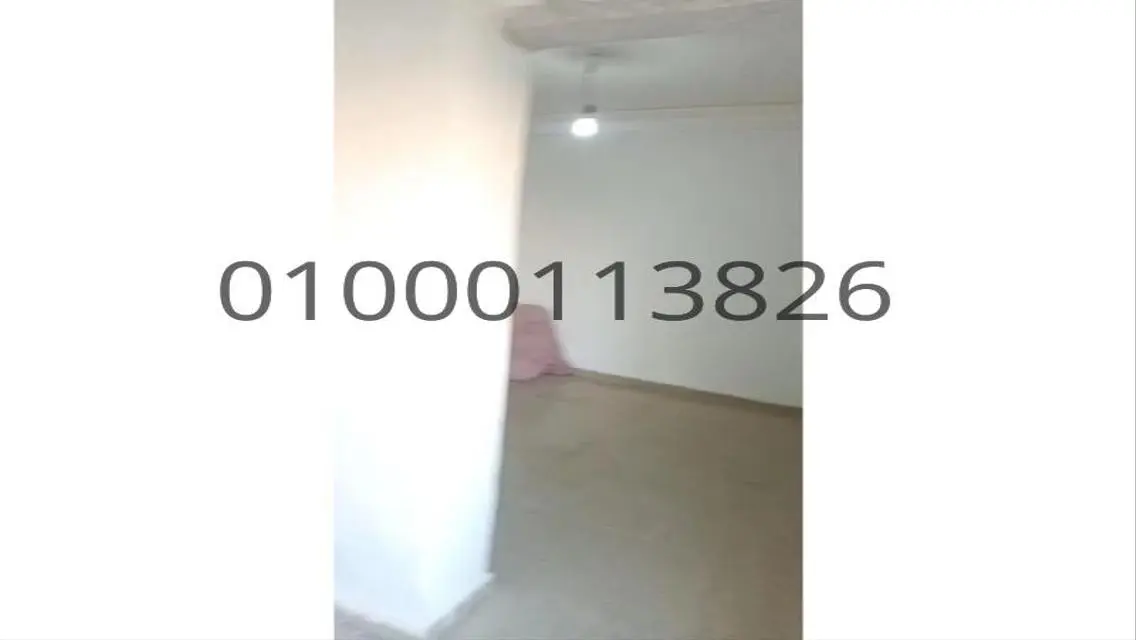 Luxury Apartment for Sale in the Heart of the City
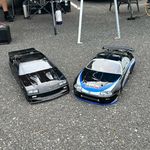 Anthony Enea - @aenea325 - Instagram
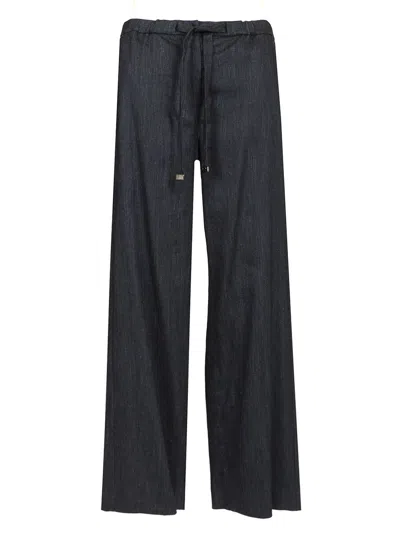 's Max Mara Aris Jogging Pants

● WHAT YOU WILL DO:
Every line of the material must be returned verbatim, and pictures must be left behind.

● TASK SOLUTION:
 Luxury Apartment for Sale in the Heart of the City
 Anthony Enea - @aenea325 - Instagram
 's Max Mara Aris Jogging Pants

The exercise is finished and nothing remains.